The chief executive of Scandinavian carrier SAS has questioned the narrative that demand for long-haul travel in particular will align with pre-Covid trends and assumptions, as he urged the industry to ‘wake up’ future challenges.
Speaking at the CAPA Airline Leader Summit today, Anko van der Werff said that although he sees a rebound in travel demand with the removal of Covid-19 restrictions, “it’s not going to fly” for industry “to just rebuild what we had, who we were”.
Factors such as rising airline debt as a result of the pandemic, rising inflation, rising fuel costs, the impacts of the Russian-Ukrainian war on globalization, and structural changes in demand in long-haul connecting traffic – particularly due to increased corporate attention to sustainability – all need to be taken into account when planning for the future of the industry, he suggests.
“I’m not fully convinced and I’m not yet convinced about the future,” says van der Werff. ” We must change. We really need to understand what works for the industry.
Frequent flyer programs “and the value they can bring” are a big part of offsetting those challenges, van der Werff says, in terms of strategic decisions under the control of airline executives.
But expanding on some of his worries about the future, he notes of business travel that “I feel, hear and see people really saying ‘no, we’re not going to travel as much as we used to'”, in due to the Sustainable Development Goals which are now fundamental to the strategies of many Scandinavian companies and beyond.
Regarding the war in Ukraine, his point of view is that “flying over Russia is not going to be [resolved in] a few months – I really feel like it’s going to be longer, which I perhaps translate as an impact on globalization as we know it.
This will combine with other factors to leave long-haul travel affected by “inflation, fuel and some push for globalization, certainly for the next few years,” he suggests, adding: “And on short haul is a whole different game, it’s a cost game I think we all have to compete a lot harder.
Van der Werff puts these challenges in the context of an industry that had its weaknesses at the start of the Covid-19 crisis.

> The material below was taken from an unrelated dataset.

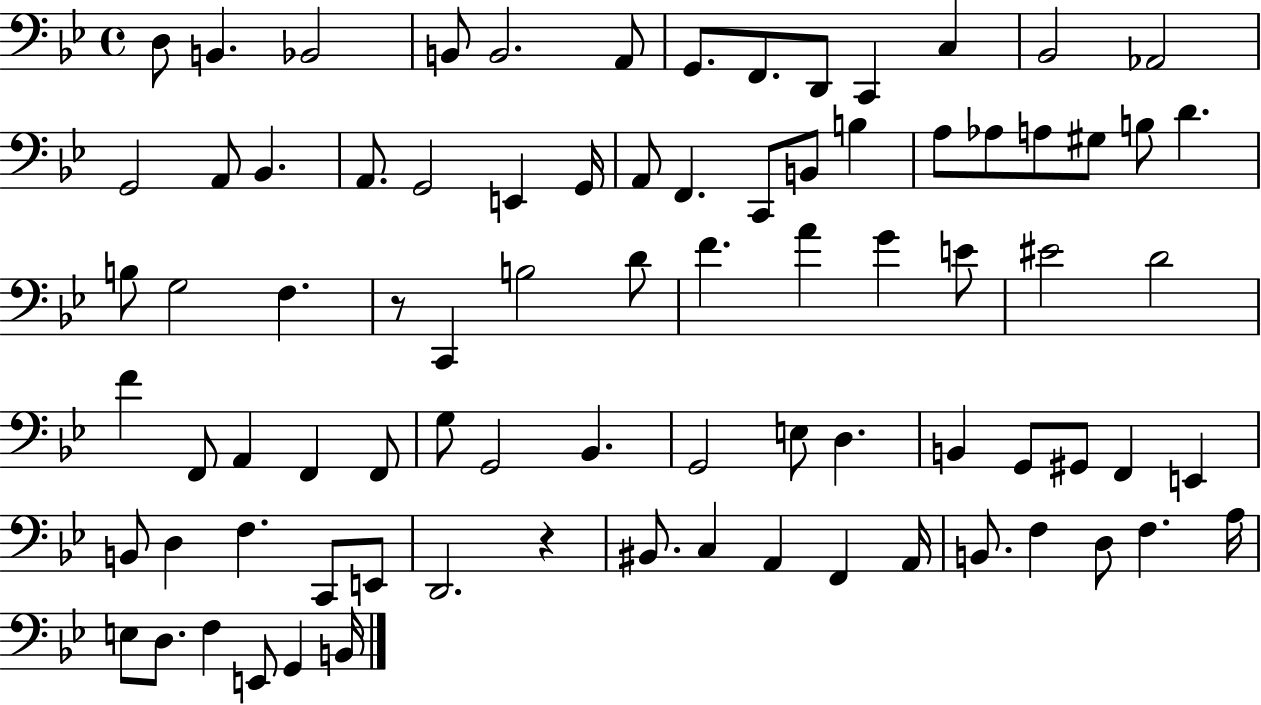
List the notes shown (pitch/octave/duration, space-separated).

“This industry as a whole has never really made any money [and] depends on left-right and center governments,” he says. “And there are a lot of brands…that have never been profitable, and that’s a long-term problem, because the debts that we’ve taken on have to be paid off.”
Part of the solution to this could be airline consolidation in Europe, but van der Werff notes that an opportunity may have been missed at the start of the pandemic.
“Without saying anything about any particular airline, if I had been the European Commission regulators, I would have done one thing differently: rather than forcing almost every country to get involved in 2020, I would have said “settle it between yourselves”. ‘, consolidate,” he explains. “Right now a lot of money has been poured into the airlines, which is effectively blocking consolidation.
“I think now was the time to do it.”
He points to consolidation in the United States as a positive example that Europe might wish to emulate, saying, “You can’t argue that it’s been bad for economic growth or for consumer investment.”
Van der Werff stresses that consolidation in Europe should be “essentially around airlines playing a broader role and not just for one particular government or country” – a concession many governments have historically been reluctant to make.